Pocos lugares como el Entrelatas generan esa corazonada tan certera de lo que te vas a encontrar, te guste o no. Daba la sensación de que estaba a punto de cerrar, cuando llegabas siempre había alguien curado antes que tú; una barra de amigos metaleros se gritaban la vida a medio vaso de distancia y los baños siempre repletos y destruidos, como un bombardeo sorpresa.
Gandhi, Jesús y los emos
El Entrelatas fue punto de encuentro de todo tipo de tribu urbana. Vía Fotolog
Siempre en el límite de la legalidad, era sabido que el Entrelatas fue lugar de mocha segura; también de que se reventaron cabezas con botellas —como el caso de Jonathan Espinoza en 2006— y que más de alguien murió adentro. Dos animitas y un mural dedicatorio al interior —junto a retratos de Gandhi y Jesús— daban a entender que esto era cierto. Además fue uno de los primeros bares acusados de recibir cheques Junaeb a cambio de cervezas.
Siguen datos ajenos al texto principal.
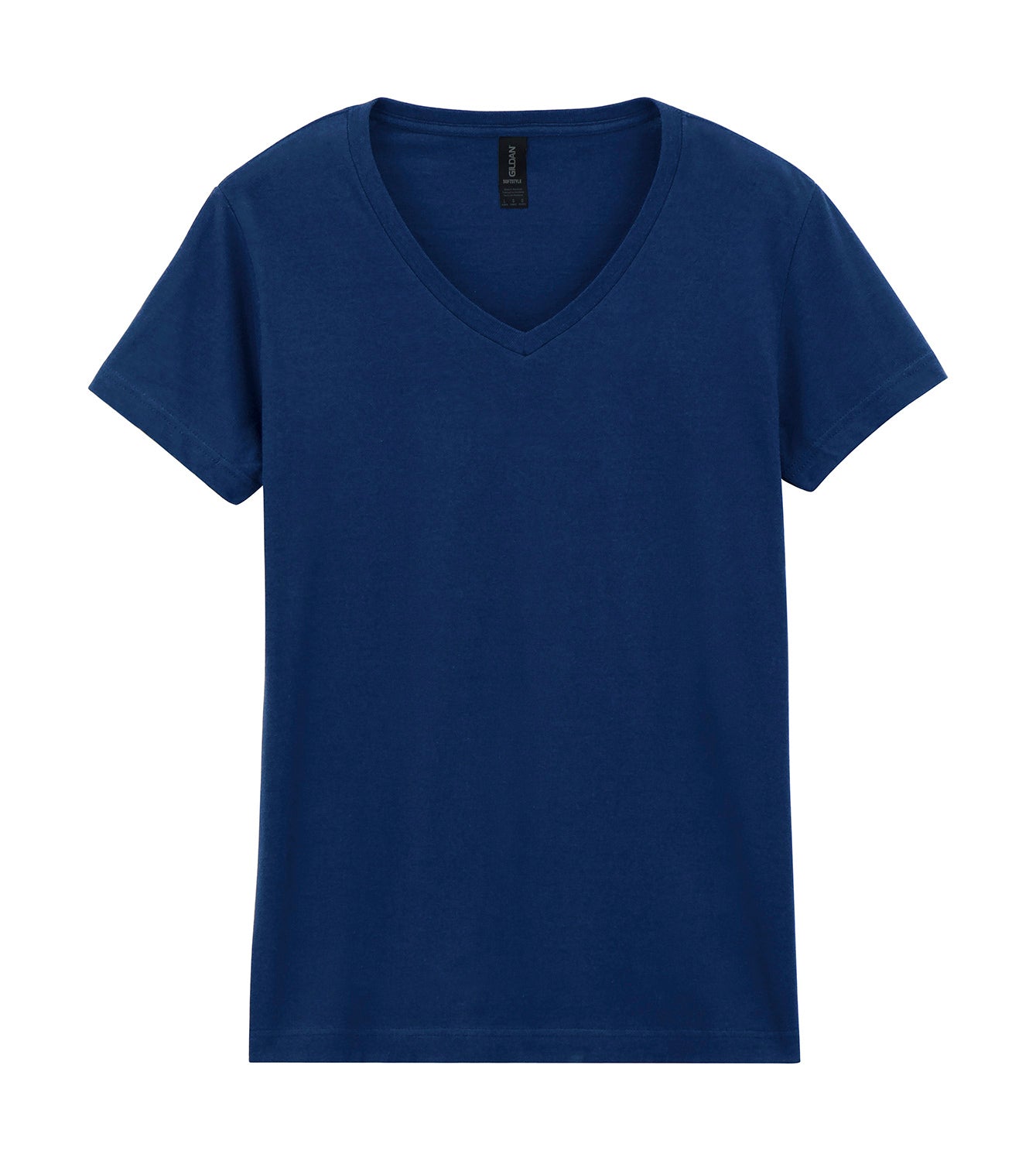Softstyle Women`s V-Neck T-Shirt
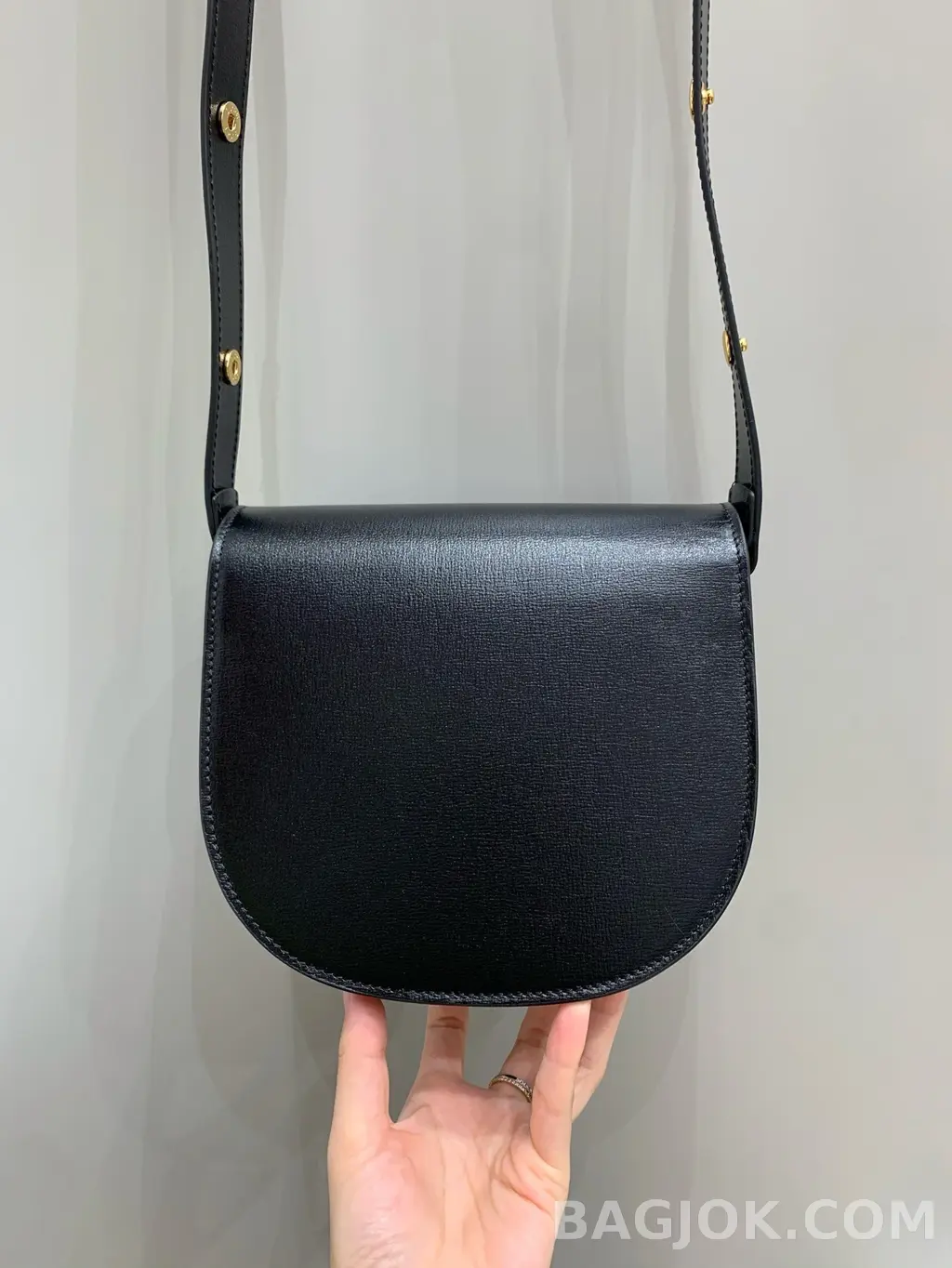 구찌 Gucci 홀스빗 1955 올레더 라운드 미니백 상세 이미지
Entonces, ¿por qué era tan popular si hasta ahora parece la descripción de una cárcel a la hora de almuerzo? El Entrelatas no solo tenía una ubicación envidiable en plena Alameda —la misma calle a la que dan La Moneda, la Torre Entel y la Estación Central— y sus promociones eran buenísimas. Un reportaje de La Nación Domingo en 2007, rescatado por un blog, destaca una promoción: 12 Escudos y 30 empanadas por $12.990 pesos. Tremendo, ¿no?
Además, fue la respuesta natural al nacimiento y crecimiento del Barrio Universitario en los años noventa: universidades e institutos nuevos que, a medida que fueron consolidándose, atrajeron a muchos estudiantes de regiones, futuros profesionales de primer generación en sus familias. Súmenle a este cóctel que el Barrio Universitario también fue tierra fértil para el encuentro de tribus urbanas en los años 2000: emos, pokemones, punkys, flaites, hiphoperos, metaleros, trashers y hippies.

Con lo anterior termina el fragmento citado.